ASSIGNMENT => Retype the lines below exactly, from the one that contains "Sachet de 200 brins 80cm fils scoubidou" through the last, and leave every picture out.

TASK INPUT =>
○ ○ ○ ○

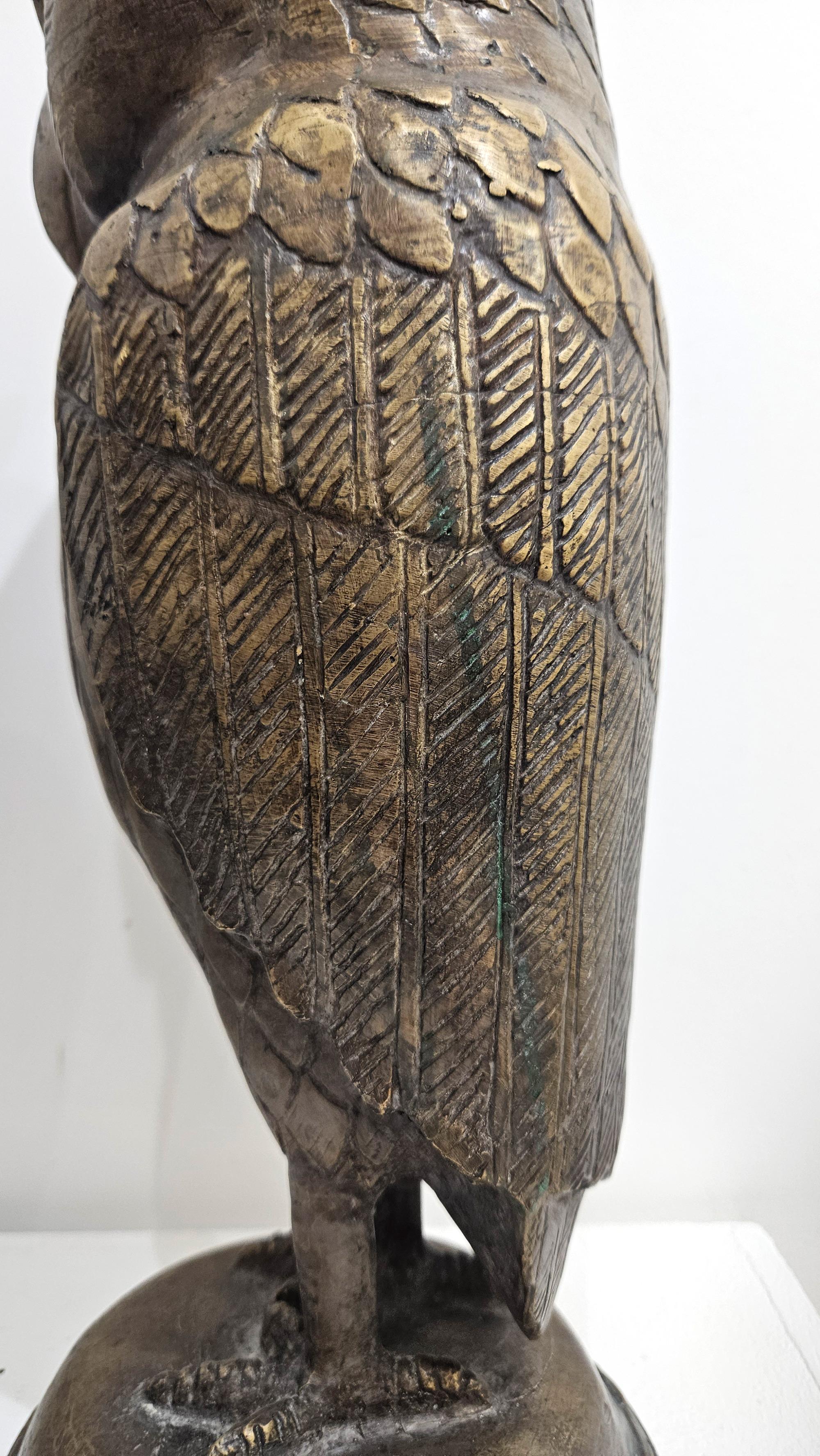 Grande gufo da giardino estetico Arts & Crafts Art Nouveau in rame, Inghilterra, c.C. 1900 in vendita 10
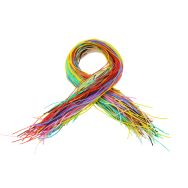 Sachet de 200 brins 80cm fils scoubidou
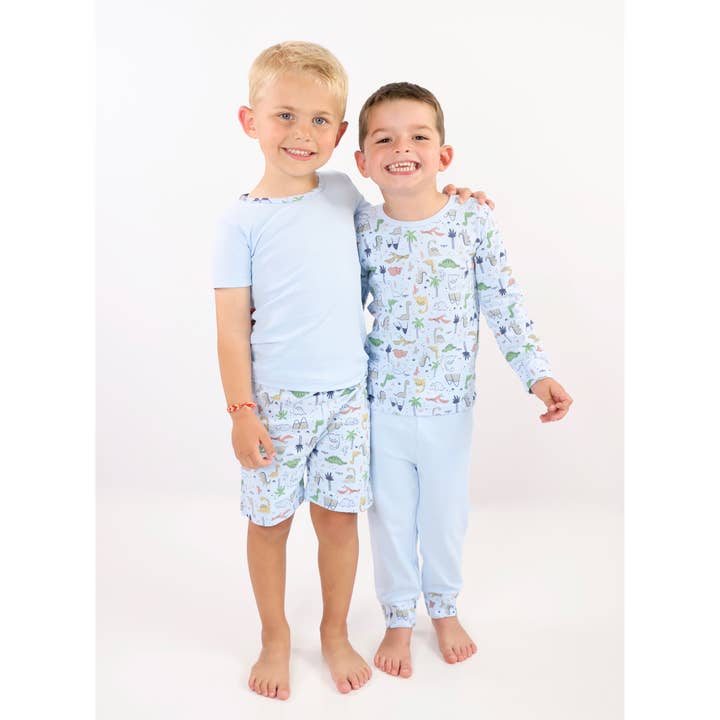 MARCELA – Großhandel Schlafanzug-Set – Kinder – Dinosaurs Pyjama für Kinder, Langarm und Hose3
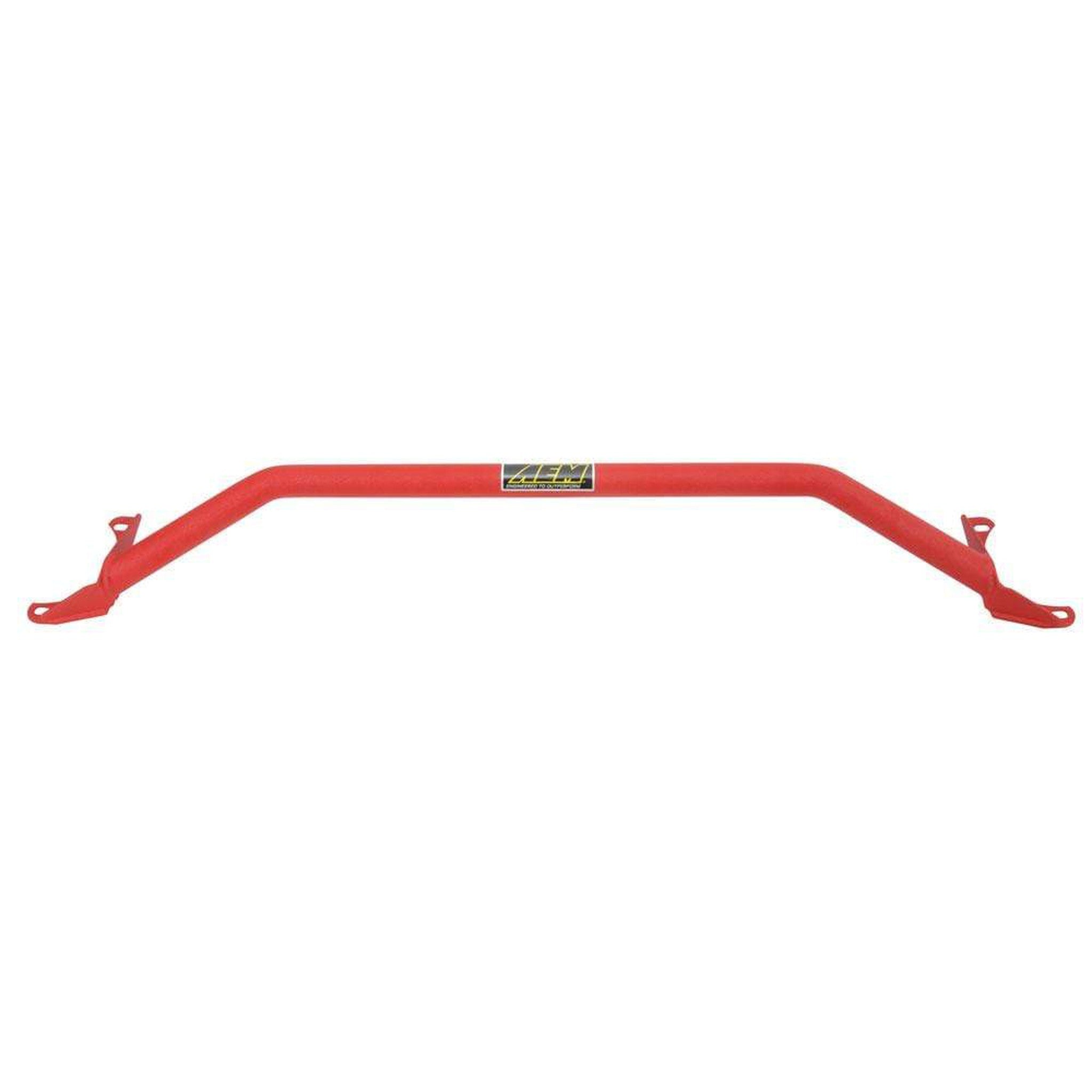AEM Strut Bar Wrinkle Red Subaru WRX / STI 2009-2014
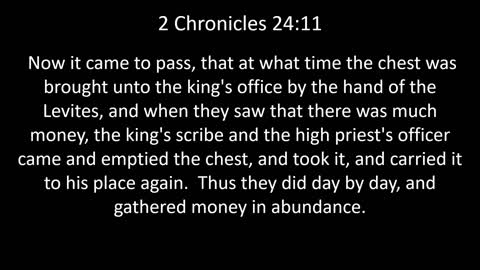 KJV Bible 2nd Chronicles Chapter 24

○ ○ ○ ○

EXPECTED ANSWER =>
 Sachet de 200 brins 80cm fils scoubidou
 MARCELA – Großhandel Schlafanzug-Set – Kinder – Dinosaurs Pyjama für Kinder, Langarm und Hose3
AEM Strut Bar Wrinkle Red Subaru WRX / STI 2009-2014
 KJV Bible 2nd Chronicles Chapter 24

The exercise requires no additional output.